A WEST Cumbrian man falsely told police he spiked his girlfriend's drink in a futile bid to save her from prosecution for a minor assault.

At Carlisle Crown Court today, a judge was told that the attempt to keep his partner out of court backfired spectacularly for 36-year-old Lee Cunningham, who was then himself arrested and charged with a far more serious offence.

He had to spend 41 days on a police imposed curfew.

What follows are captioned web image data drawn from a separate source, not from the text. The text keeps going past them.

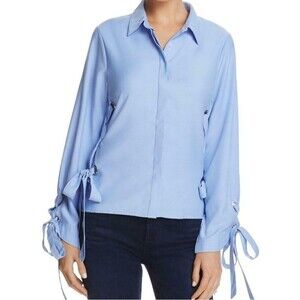 Alpha and Omega Long Sleeve Side Tie Button Down Shirt Small NWT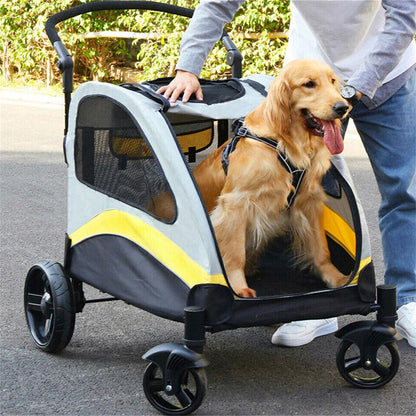 4-Wheel Foldable Pet Stroller with Shock Absorbers & Safety Lock | Breathable Mesh Dog & Cat Travel Carrier | ArmoredDog™ - ArmoredDog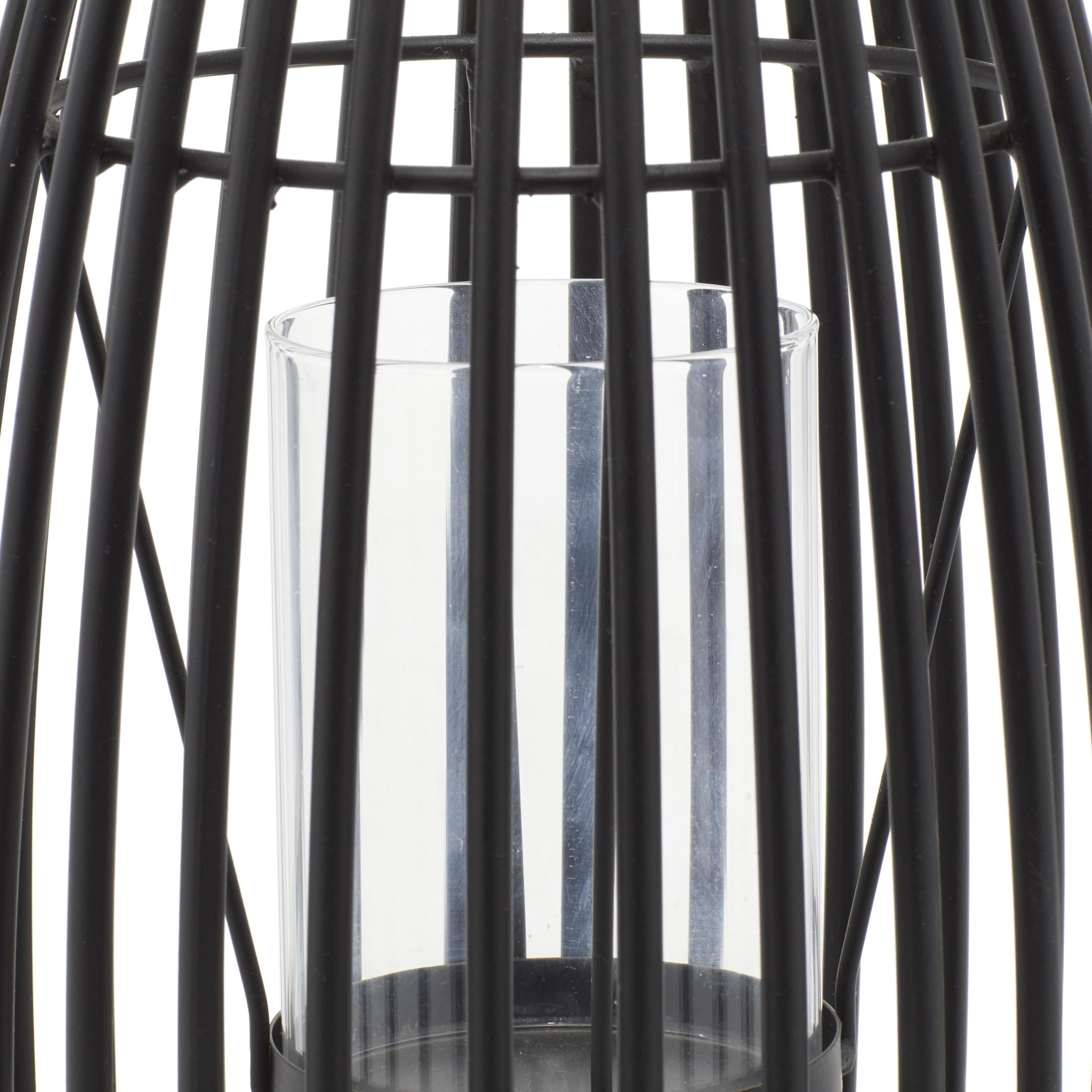 DecMode Black Metal Decorative Candle Lantern with Handle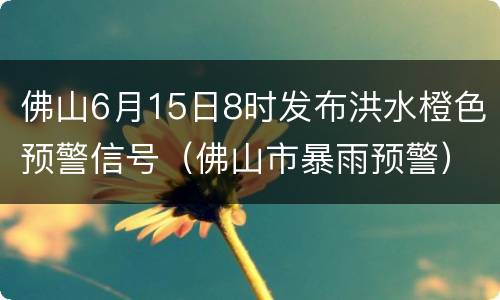 佛山6月15日8时发布洪水橙色预警信号（佛山市暴雨预警）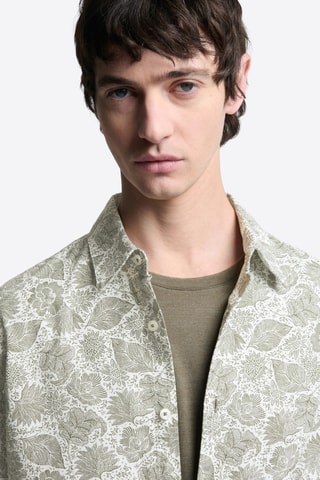 Camicia slim in cotone bio - Kaki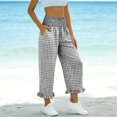 thumbnail image 6 of Cutuoiiu Women Lightweight Comfortable Gingham Print Smocked High Waist Pants with Pockets Everyday Wear Wide Leg Trousers Gifts, 6 of 6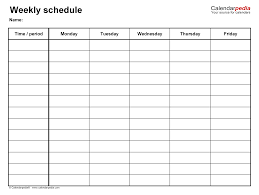 A weekly schedule template is great for routine items or special ensure adequate shift coverage with an employee schedule template, and use a schedule maker to track vacations, personal days, sick days, or other. Free Weekly Schedules For Pdf 18 Templates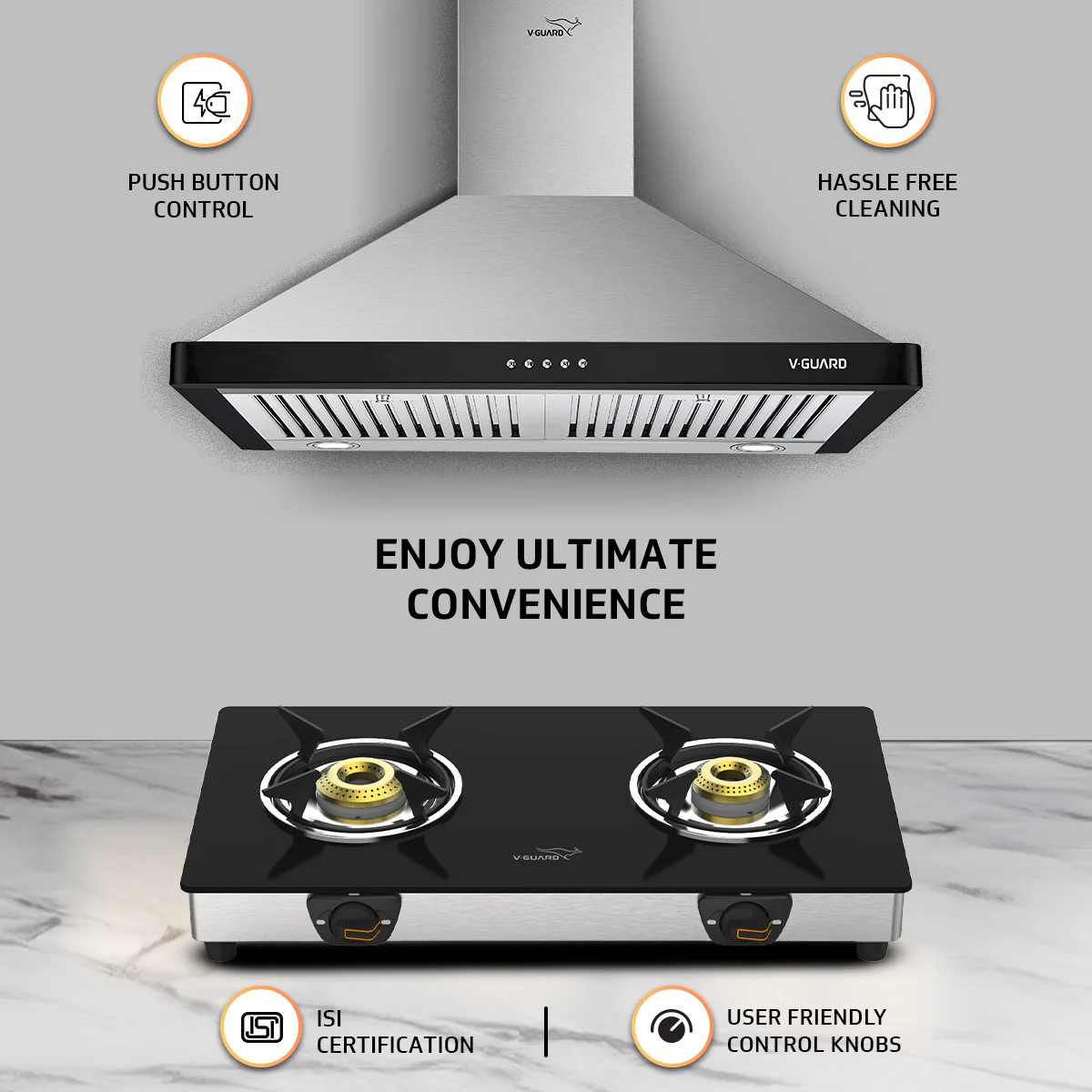 V-Guard M20 60 cm Wide Chimney and VGD 260 SX Gas Stove Combo- The Ultimate Kitchen Duo - Image 3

The defendant, of Chapel Terrace, Thornhill, Egremont, admitted perverting the course of justice.

Prosecutor Verity Quaite said the defendant got into trouble after his concern for his partner - arrested following trouble in a Cleator Moor pub - prompted him to make seven phone calls to the police - one on October 13 and six the following day.

In the first call, he claimed to be his own neighbour, and suggested there had been 'domestic' in the hope that he would get arrested and get the chance to speak to his partner at the police station.

"On October 14, the defendant called the police a further six times," said Miss Quaite.

"He told the police he was responsible for her behaviour because he'd spiked her drink with Valium. He hadn't done so."

As a result of the claim, police had review CCTV from the pub.

A review of the the defendant's 999 call also revealed that before he was put through to a call handler, he told somebody who was in the room: "I just want her home. I didn't spike her."

Alaric Walmsley, defending, said there were exceptional circumstances which justified suspending the inevitable jail term.

As a professional roofer, with his own firm, Cunningham employed two apprentices and a labourer.

A jail term would put those people out of work.

Mr Walmsley said the defendant - a father-of-three - added: "He was in this relationship with this woman and describes it as a not particularly good relationship. They drank alcohol a lot - too much. But he is now no longer in that relationship."

Recorder Simon Killeen imposed a six month jail term but suspended the sentence for two years.

As he passed sentence, he told the defendant that - given his status as an employer and the harsh covid regime in prisons - he would suspend the sentence but he the Recorder said Cunningham had escaped immediate custody "by the skin of his teeth."

The judge added: "This is your chance: take it."

As punishment, the just ruled that the defendant must observe a three month 7pm to 7am curfew and do 100 hours of unpaid work in the community.

He must also pay £200 costs and a £128 victim surcharge.

In November, the defendant's former partner was given a community order and fine for a common assault and resisting a police constable.